Dynamic Function-Structure Connectivity Coupling for Predicting Progression Trajectories in Neurocognitive Decline
摘要
Function-structure connectivity (FSC) coupling helps reveal alterations in the interplay between brain functional connectivity (FC) and structural connectivity (SC) caused by neurocognitive decline. Existing studies on FSC coupling typically focus on modeling interactions between static FC and SC features, ignoring temporal dynamics conveyed in functional MRI (fMRI) time series. Additionally, conventional strategies often compute global whole-brain FSC correlation or assess local region-specific FSC correspondences, without capturing complex inter-region dependencies between FC and SC patterns. To this end, we propose a dynamic function-structure connectivity coupling (DFSC) framework to predict progression trajectories in neurocognitive decline with fMRI and diffusion tensor imaging (DTI) data. In DFSC, we first construct static SC and dynamic FC graphs and use graph neural networks (GNNs) for feature learning, yielding new SC and FC embeddings.

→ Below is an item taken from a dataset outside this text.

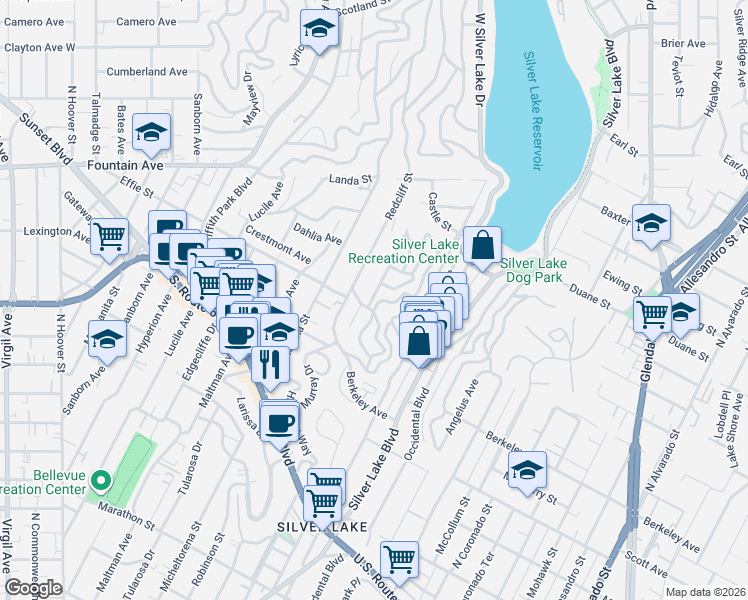 map of restaurants, bars, coffee shops, grocery stores, and more near 1710 North Dillon Street in Los Angeles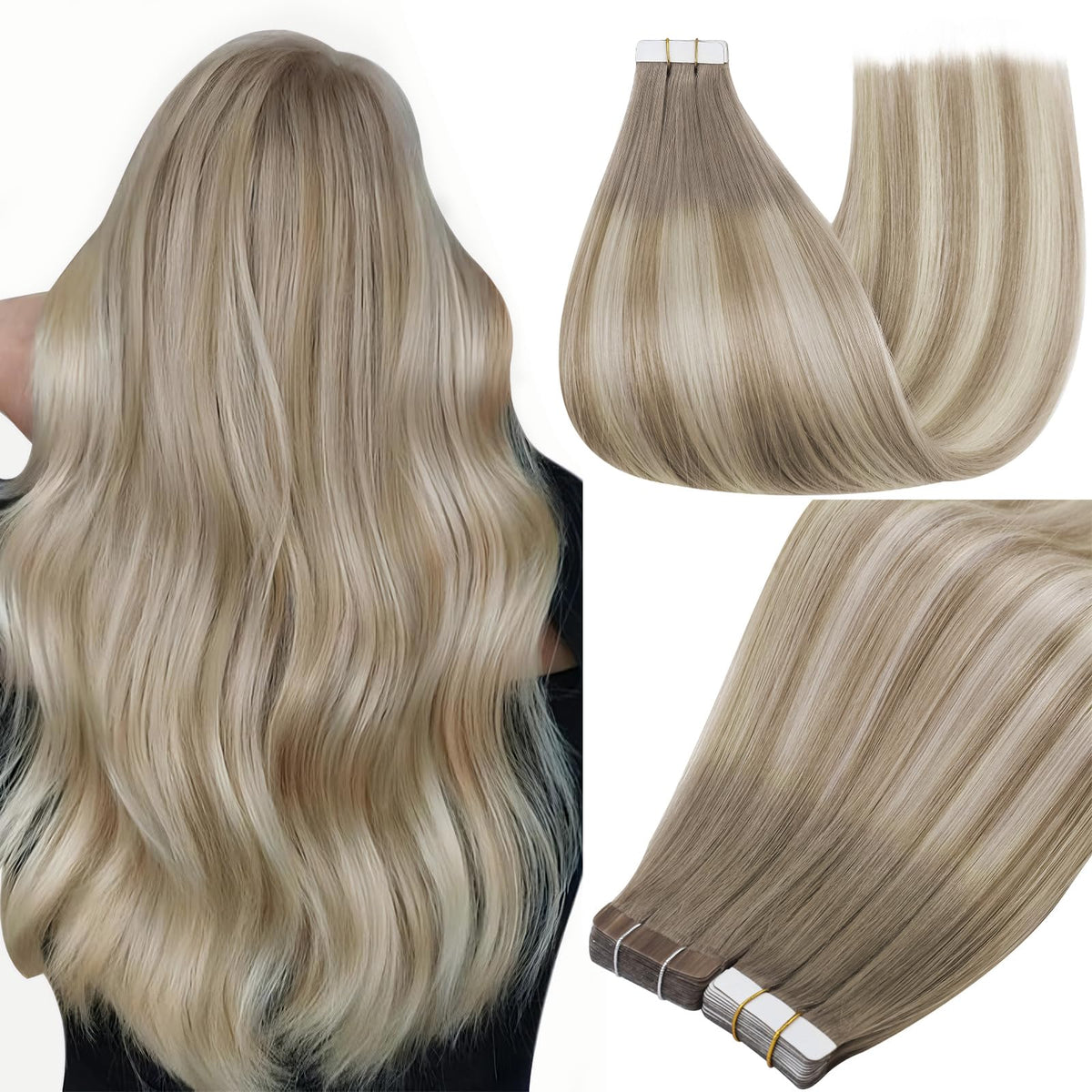 Full Shine Tape In Hair Extensions Ash Blonde Balayage front view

Based on these embeddings, we construct dynamic local-to-global FSC coupling graphs to capture both region-specific and inter-region dependencies between FC and SC, followed by GNNs to generate dynamic FSC coupling embeddings. These multi-view embeddings are finally fed into a squeeze-excitation readout module and a Transformer for feature fusion and prediction. Experimental results on two datasets with paired fMRI and DTI data from a total of 231 subjects demonstrate that our DFSC outperforms several state-of-the-art methods. With the DFSC, one can identify both discriminative brain regions and between-group FSC coupling difference, facilitating objective quantification of structural and functional brain changes associated with neurocognitive decline.